Aries' Blog

Freestyle technical blog

Regex notes

Regex is very useful but hard to remember, I use it infrequently and always forget the syntax.

Regex reserved characters

Chars Description
. Any single character.
( ) Grouping delimitators.
[ ] Character set delimiters. OR at character level
| OR expression for patterns (one or another).
{ } Repetitions delimiters.
* Zero or more repetitions of the previous character.
+ One or more repetitions.
? Zero or one repetition. Also it’s used for lazy matches.
^ Start of the string. You can use it to force a pattern to match only at the start. Also it’s used as a NOT inside of character sets.
$ End of the string.
/ Separator. In many regex engines, regex patterns must be enclosed in /s
- Range definition. Used to define a range of consecutive characters, like A-Z
\ Escape character for all reserved characters, so \? will search for a literal ?. It’s also used for other special search patterns (see below).

Below online regex tester can provide great help.

Unicode character

Use \x{FFFF} pattern to search for unicode. It works for both Java & Notepad++

1. Java

Java regex engine is similar to Perl one.

I found this Java Regex Tester most helpful as it provide as a Java string view of the Regex which you can use directly in code. This tester is based on Java 6.

Java Regex engine spec is documented in java.util.regex.Pattern API doc, this link to Java 8 one.

2. Notepad++

Notepad++ support regex search by selecting Regular expression under Search Mode in the search window. It supports PCRE (PERL Compatible Regular Expressions).
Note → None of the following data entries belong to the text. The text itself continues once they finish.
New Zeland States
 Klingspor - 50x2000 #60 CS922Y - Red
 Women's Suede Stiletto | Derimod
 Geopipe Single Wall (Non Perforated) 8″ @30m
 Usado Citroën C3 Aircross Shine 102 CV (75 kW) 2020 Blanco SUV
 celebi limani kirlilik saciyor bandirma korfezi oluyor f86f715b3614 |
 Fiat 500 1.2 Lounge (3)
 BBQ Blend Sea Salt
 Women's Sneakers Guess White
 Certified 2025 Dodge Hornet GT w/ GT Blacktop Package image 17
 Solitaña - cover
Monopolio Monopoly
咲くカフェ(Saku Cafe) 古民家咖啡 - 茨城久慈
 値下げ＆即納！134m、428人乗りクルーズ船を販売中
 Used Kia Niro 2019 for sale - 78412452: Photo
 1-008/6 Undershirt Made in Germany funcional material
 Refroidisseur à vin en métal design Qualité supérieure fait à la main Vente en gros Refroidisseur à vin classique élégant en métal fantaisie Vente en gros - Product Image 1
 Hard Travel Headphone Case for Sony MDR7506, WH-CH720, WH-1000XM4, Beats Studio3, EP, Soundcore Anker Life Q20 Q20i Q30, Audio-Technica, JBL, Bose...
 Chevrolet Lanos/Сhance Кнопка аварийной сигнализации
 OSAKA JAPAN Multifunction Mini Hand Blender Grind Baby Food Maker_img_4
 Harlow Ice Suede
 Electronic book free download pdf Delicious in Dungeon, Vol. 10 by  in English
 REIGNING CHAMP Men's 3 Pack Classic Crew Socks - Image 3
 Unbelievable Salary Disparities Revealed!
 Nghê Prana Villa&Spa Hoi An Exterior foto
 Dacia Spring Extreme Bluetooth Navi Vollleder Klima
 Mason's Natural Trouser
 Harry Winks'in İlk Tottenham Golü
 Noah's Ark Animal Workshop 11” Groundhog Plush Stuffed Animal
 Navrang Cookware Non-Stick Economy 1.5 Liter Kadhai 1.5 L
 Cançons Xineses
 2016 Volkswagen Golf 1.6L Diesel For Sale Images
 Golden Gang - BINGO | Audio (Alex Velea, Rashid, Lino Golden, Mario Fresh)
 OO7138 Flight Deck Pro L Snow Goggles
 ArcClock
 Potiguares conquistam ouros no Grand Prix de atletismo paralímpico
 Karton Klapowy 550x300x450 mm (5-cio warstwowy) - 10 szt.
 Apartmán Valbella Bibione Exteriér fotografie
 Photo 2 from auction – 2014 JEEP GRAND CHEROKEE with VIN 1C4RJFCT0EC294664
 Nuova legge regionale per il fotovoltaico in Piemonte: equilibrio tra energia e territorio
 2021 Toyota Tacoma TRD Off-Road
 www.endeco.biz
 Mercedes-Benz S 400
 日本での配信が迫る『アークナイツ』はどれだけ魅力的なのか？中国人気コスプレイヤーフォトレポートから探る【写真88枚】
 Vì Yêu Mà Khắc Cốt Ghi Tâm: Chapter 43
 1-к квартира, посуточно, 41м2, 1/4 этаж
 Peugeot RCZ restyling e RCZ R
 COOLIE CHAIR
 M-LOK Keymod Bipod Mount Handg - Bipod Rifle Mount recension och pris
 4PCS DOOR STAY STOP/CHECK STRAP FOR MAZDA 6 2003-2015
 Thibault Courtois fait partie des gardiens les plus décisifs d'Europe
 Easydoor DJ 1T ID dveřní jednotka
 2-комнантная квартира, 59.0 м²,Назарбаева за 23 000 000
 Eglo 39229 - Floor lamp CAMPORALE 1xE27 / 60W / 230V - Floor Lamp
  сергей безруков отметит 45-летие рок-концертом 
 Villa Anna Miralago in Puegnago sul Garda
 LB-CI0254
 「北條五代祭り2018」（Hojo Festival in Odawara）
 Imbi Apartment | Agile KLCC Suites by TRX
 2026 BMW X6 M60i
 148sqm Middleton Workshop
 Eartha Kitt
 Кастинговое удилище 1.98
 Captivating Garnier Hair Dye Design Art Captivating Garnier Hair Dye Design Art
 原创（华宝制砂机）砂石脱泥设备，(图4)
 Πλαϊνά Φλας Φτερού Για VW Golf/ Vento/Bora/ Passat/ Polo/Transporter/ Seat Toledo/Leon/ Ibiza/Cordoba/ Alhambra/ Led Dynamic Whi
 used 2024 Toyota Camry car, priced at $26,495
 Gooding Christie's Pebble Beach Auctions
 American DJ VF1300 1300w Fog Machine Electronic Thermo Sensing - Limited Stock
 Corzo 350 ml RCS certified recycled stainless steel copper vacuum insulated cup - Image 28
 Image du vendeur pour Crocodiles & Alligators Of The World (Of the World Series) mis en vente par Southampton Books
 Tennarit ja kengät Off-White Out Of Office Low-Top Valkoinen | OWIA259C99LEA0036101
Use this tester and select PCRE.

Note that / (forward slash) need to be escaped in tester but not in notepad++.

So patterns

^http(s?):\/\/my.com\/path\/to\/page and

^http(s?)://my.com/path/to/page

both work in notepad++, but only the first one is valid in the tester.

3. Grep

Use grep -E or simply egrep to activate Extended Regular Expressions function, then grep will behave like Notepad++.

Patterns

^http(s?):\/\/my.com\/path\/to\/page and

^http(s?)://my.com/path/to/page

both work with grep -E or egrep .